→ WORK INSTRUCTION
Give the listing again word for word. Skip the pictures.

→ SOURCE DATA
- - -

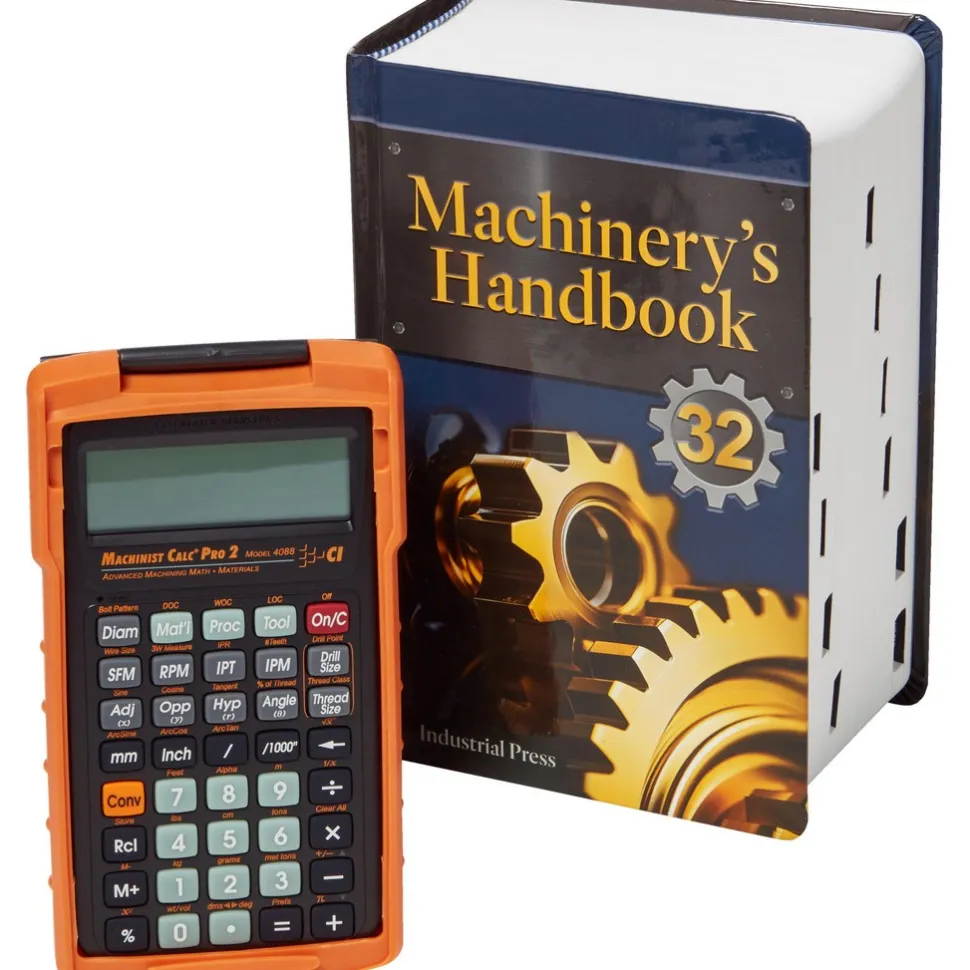 Machinery's Handbook Toolbox & Calc Pro 2, 32nd Edition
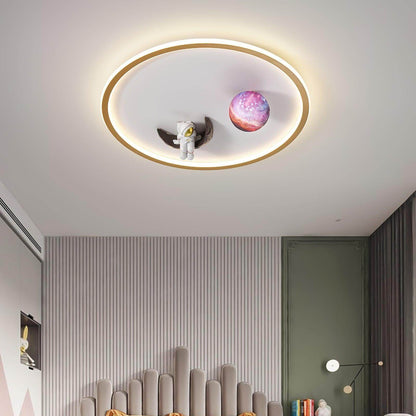 Astronaut Ceiling Light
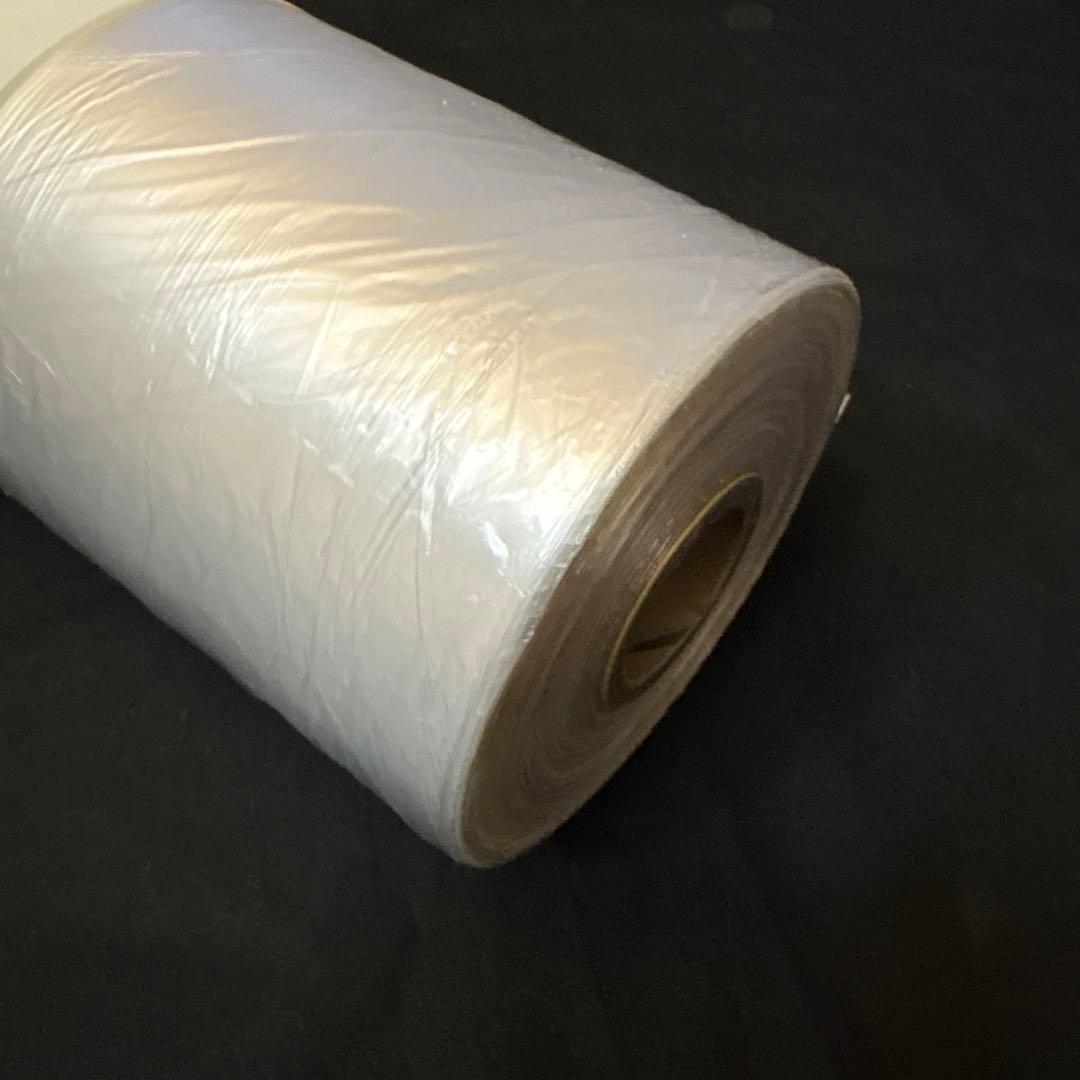 Translucent Poly Bags, Roll Type, 600 Sheets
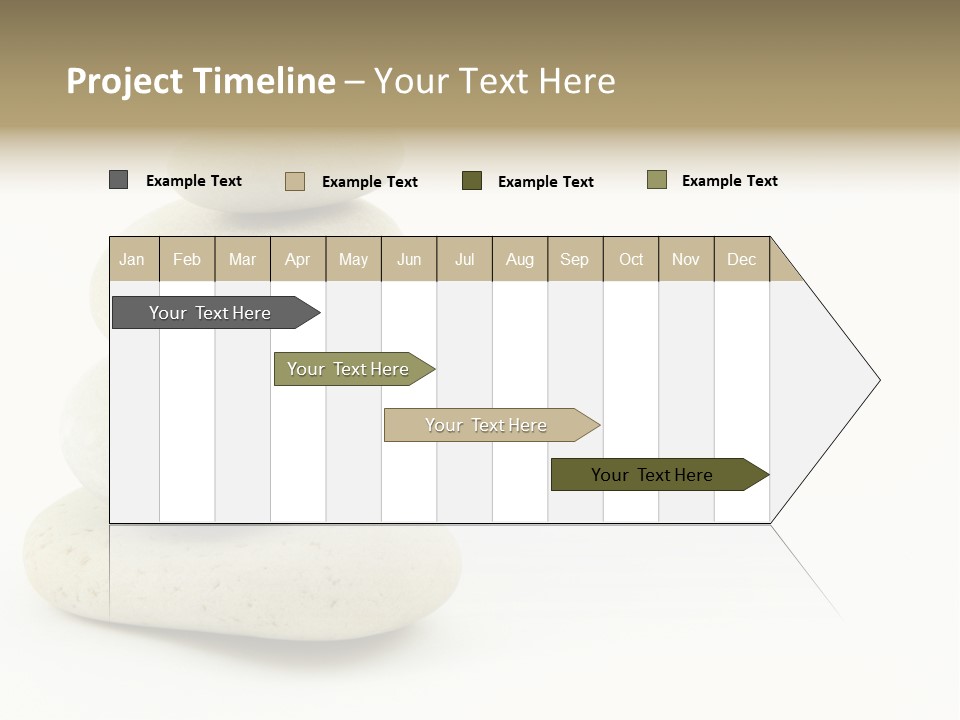 Background Rock Sandstone PowerPoint Template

- - -

→ REPLY TO THE TASK
 Machinery's Handbook Toolbox & Calc Pro 2, 32nd Edition
 Astronaut Ceiling Light
 Translucent Poly Bags, Roll Type, 600 Sheets
 Background Rock Sandstone PowerPoint Template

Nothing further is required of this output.